## Data extracted from a collection
>>>

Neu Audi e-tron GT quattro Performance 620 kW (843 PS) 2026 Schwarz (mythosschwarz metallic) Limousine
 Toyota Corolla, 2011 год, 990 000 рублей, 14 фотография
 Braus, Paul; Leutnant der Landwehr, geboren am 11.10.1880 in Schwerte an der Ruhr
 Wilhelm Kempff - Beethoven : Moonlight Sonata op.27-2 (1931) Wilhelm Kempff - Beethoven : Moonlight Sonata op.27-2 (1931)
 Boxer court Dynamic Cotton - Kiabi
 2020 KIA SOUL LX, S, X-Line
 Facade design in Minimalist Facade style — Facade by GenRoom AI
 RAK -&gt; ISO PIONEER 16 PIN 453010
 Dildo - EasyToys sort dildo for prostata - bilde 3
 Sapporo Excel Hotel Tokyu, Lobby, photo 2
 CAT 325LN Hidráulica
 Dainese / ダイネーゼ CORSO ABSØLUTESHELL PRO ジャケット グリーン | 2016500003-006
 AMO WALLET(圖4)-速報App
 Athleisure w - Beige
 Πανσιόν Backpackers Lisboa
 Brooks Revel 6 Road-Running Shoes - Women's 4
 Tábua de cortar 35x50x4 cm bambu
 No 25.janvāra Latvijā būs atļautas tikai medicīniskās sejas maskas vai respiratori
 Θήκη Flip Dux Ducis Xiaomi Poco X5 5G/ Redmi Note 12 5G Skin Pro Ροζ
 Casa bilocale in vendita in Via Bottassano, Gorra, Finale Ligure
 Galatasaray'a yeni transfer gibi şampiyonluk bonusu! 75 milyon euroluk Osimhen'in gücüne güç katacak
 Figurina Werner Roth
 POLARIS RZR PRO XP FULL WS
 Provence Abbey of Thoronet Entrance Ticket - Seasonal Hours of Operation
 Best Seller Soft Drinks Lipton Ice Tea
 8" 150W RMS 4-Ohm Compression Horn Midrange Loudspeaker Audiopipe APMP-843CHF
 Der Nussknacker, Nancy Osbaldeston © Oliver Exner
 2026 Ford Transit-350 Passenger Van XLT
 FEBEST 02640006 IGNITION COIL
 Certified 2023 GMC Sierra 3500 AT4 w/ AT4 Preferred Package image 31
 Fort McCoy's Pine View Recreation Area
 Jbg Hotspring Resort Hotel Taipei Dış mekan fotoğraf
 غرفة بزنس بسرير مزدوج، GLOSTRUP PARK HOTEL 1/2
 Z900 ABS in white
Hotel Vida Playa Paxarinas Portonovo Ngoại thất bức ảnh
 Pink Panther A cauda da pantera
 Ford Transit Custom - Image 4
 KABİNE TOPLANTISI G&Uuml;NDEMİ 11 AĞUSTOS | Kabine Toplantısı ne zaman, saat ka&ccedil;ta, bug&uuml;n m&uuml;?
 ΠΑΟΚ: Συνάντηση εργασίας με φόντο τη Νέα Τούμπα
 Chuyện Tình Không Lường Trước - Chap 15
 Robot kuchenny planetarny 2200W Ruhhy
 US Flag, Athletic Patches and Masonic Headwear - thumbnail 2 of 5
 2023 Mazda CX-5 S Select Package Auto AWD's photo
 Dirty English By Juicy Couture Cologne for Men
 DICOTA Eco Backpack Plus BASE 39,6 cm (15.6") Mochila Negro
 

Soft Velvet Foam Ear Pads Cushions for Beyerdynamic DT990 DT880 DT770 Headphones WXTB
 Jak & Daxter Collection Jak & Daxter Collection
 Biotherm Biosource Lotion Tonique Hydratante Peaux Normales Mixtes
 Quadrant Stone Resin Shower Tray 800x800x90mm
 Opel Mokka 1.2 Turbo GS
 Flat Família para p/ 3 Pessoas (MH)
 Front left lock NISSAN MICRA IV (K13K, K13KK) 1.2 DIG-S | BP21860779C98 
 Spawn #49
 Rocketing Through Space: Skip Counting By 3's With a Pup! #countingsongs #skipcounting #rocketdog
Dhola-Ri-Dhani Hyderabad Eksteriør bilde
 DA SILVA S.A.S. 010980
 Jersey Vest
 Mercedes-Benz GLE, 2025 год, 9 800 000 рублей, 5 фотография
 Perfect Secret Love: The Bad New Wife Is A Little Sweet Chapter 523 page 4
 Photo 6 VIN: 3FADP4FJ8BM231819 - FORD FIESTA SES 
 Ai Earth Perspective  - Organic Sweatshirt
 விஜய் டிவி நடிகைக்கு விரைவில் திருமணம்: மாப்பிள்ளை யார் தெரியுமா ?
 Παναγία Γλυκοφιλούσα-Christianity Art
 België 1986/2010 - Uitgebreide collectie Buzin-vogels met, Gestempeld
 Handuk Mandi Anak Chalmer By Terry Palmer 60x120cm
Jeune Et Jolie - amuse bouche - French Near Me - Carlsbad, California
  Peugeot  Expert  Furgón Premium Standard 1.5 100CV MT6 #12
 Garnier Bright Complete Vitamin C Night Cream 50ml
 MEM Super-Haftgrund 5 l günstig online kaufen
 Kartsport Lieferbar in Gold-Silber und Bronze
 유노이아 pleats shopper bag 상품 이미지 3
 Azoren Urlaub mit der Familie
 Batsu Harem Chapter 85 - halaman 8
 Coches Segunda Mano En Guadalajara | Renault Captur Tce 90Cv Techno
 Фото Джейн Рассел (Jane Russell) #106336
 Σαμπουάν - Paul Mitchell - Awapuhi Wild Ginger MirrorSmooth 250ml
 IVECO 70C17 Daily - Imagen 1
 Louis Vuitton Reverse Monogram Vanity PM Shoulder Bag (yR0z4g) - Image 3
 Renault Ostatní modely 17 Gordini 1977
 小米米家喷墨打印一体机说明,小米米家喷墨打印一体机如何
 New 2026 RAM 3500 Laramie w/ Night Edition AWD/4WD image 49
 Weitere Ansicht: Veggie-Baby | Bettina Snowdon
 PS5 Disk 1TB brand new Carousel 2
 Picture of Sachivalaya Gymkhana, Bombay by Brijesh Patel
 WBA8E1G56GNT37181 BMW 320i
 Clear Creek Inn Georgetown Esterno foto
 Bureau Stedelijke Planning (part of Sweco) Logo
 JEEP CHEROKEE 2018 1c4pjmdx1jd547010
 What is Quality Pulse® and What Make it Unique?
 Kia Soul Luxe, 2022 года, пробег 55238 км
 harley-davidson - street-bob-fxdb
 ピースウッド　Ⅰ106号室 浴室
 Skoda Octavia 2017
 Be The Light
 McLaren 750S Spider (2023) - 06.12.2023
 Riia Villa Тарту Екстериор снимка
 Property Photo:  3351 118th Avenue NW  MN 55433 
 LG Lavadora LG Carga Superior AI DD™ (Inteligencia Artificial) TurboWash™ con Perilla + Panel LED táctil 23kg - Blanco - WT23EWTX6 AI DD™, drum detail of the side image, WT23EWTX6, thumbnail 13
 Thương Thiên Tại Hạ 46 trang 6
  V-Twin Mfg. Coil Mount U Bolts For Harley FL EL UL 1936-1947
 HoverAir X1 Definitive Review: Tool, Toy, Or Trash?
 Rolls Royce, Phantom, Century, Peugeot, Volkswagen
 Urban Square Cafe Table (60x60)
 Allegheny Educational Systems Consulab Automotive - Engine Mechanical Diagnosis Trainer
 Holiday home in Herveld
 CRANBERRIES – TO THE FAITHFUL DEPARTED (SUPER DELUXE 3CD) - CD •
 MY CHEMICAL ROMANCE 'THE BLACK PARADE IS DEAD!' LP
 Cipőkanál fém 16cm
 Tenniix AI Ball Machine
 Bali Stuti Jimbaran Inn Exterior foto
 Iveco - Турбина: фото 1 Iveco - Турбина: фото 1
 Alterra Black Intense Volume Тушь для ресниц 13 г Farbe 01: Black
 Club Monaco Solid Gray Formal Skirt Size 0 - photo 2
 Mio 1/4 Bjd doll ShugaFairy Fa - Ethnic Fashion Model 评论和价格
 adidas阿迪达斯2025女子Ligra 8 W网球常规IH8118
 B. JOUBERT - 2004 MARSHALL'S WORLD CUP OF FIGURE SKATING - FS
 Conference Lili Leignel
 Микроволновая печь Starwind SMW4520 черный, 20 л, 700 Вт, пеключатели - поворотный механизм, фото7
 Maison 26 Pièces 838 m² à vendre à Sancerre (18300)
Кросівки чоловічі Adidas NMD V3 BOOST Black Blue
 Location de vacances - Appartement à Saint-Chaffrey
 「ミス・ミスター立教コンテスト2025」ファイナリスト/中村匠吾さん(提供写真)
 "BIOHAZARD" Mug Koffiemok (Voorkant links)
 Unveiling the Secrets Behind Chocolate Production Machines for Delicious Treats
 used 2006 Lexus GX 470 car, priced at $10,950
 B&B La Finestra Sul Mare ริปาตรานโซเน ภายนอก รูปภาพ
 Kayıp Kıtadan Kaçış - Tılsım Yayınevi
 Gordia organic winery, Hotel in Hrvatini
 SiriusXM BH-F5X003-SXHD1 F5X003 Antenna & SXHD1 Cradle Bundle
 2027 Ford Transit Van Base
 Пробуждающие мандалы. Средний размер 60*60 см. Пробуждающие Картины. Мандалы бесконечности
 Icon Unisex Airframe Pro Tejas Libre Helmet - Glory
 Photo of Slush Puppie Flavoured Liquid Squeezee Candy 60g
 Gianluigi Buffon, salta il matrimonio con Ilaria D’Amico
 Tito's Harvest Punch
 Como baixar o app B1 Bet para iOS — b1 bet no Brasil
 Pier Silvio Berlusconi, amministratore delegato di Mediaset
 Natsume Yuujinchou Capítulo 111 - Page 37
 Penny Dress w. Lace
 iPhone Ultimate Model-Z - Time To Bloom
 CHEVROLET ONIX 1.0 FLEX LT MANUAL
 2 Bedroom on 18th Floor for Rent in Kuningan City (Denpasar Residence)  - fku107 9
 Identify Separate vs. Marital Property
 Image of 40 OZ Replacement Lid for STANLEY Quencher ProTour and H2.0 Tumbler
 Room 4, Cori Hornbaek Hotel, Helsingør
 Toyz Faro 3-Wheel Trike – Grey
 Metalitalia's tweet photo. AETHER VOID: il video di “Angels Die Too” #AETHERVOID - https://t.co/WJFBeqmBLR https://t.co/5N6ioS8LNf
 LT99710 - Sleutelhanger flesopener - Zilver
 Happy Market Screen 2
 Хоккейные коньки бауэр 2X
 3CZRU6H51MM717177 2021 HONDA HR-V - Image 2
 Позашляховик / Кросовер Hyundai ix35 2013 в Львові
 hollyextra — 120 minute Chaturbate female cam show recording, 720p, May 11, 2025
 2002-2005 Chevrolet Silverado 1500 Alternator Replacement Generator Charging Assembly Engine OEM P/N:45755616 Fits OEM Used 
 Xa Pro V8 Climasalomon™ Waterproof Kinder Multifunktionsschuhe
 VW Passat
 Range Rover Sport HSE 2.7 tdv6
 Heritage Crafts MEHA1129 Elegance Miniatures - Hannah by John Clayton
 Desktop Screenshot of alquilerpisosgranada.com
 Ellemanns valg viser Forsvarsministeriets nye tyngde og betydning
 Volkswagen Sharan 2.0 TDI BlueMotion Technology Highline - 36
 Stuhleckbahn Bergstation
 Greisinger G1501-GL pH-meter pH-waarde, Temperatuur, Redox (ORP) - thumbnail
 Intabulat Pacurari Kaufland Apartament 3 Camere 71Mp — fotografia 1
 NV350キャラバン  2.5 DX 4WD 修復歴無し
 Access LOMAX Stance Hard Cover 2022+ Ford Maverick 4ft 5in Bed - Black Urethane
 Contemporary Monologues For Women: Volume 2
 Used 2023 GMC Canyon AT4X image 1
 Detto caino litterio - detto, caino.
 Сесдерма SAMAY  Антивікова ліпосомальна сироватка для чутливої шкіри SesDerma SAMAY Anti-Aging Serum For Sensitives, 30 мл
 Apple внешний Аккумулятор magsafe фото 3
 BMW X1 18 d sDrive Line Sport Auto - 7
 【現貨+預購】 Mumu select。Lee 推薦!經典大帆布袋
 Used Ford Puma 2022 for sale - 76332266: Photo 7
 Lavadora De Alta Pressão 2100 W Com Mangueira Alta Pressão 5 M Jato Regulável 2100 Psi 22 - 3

<<<

## How to complete this task
Return word for word the lines above from the line with "Conference Lili Leignel" to the line with "Koffiemok (Voorkant links)", including both and leaving out all others.

## Reply to the task
 Conference Lili Leignel
 Микроволновая печь Starwind SMW4520 черный, 20 л, 700 Вт, пеключатели - поворотный механизм, фото7
 Maison 26 Pièces 838 m² à vendre à Sancerre (18300)
Кросівки чоловічі Adidas NMD V3 BOOST Black Blue
 Location de vacances - Appartement à Saint-Chaffrey
 「ミス・ミスター立教コンテスト2025」ファイナリスト/中村匠吾さん(提供写真)
 "BIOHAZARD" Mug Koffiemok (Voorkant links)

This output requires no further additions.